Getting your Trinity Audio player ready...

Los iraquíes, cada vez más desconfiados de las fuerzas de ocupación, esperan tener un presidente democrático fuerte

Está todo bajo control, dijo George W. Bush a su regreso de Irak. ¿Hablaba en serio? En sus manos aún no habían caído las percepciones de los principales interesados. Es decir, de los eternos olvidados en las grandes decisiones: los iraquíes. Que en la primera encuesta seria de la posguerra, realizada por las universidades de Bagdad y de Dohuk bajo la supervisión de Oxford, declararon que desconfían de las tropas de ocupación (en especial, de las norteamericanas y de las británicas), que creen en sus líderes religiosos (sin que ello signifique predilección por un gobierno de ese tipo, sino por una democracia con un presidente fuerte), que están satisfechos con la caída de Saddam Hussein (y de su estatua) y que, a pesar de ello, aborrecen el método aplicado (los bombardeos indiscriminados).

Frente a ello, Bush no reaccionó.
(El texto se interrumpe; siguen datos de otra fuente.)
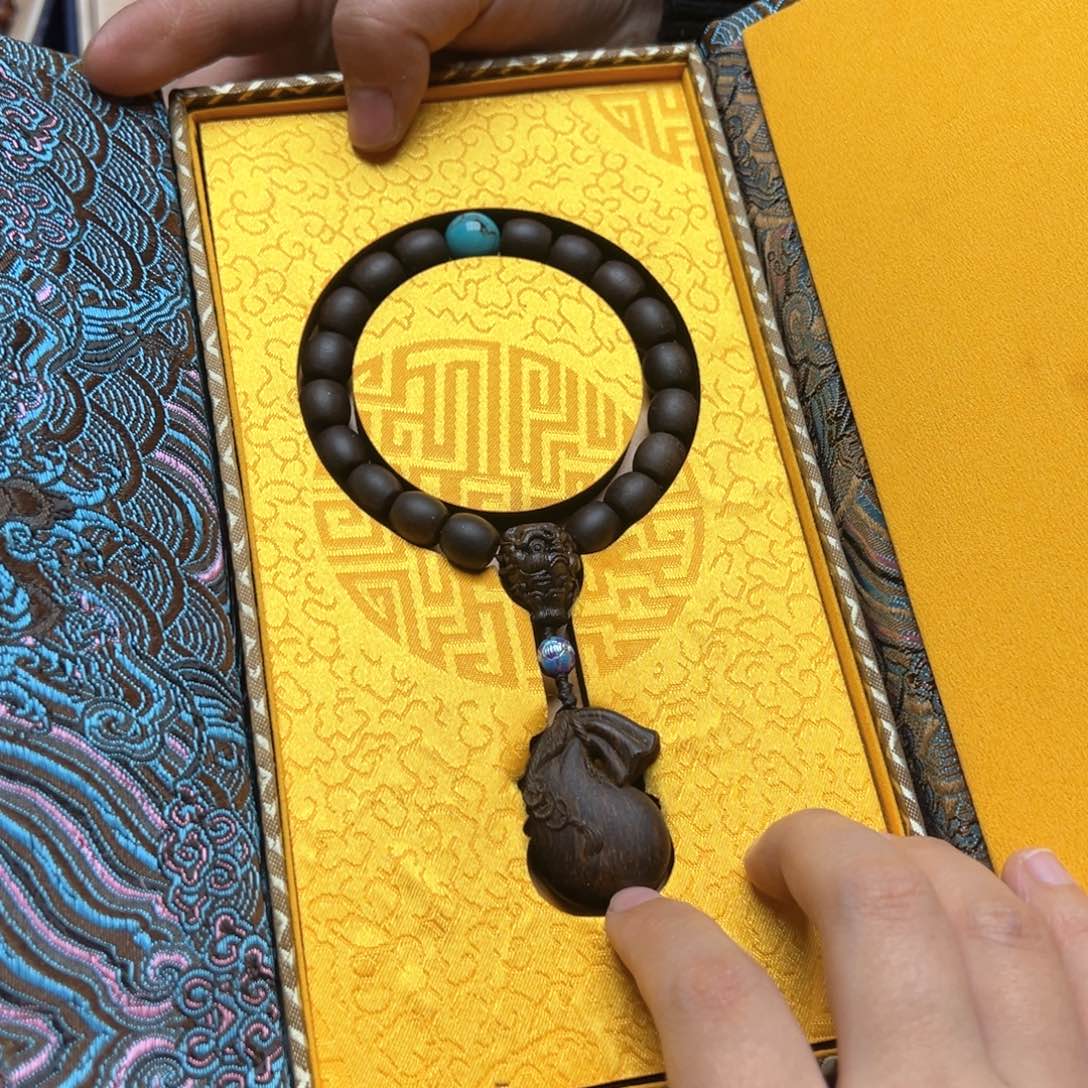 大叶紫檀（黑酸枝木类）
Había cumplido con su parte en la jornada más cara a sus compatriotas, el Día de Acción de Gracias, estropeando el pavo que una demócrata como Hillary Clinton se aprestaba a trinchar en el otro campo de batalla, Afganistán, nido de Al-Qaeda. Había cumplido con su parte y, a la vez, había dado un salto cualitativo a los ojos de los norteamericanos, emulando, o igualando, al finado Richard Nixon con su visita, también esporádica, a las tropas que combatían en Vietnam en 1969.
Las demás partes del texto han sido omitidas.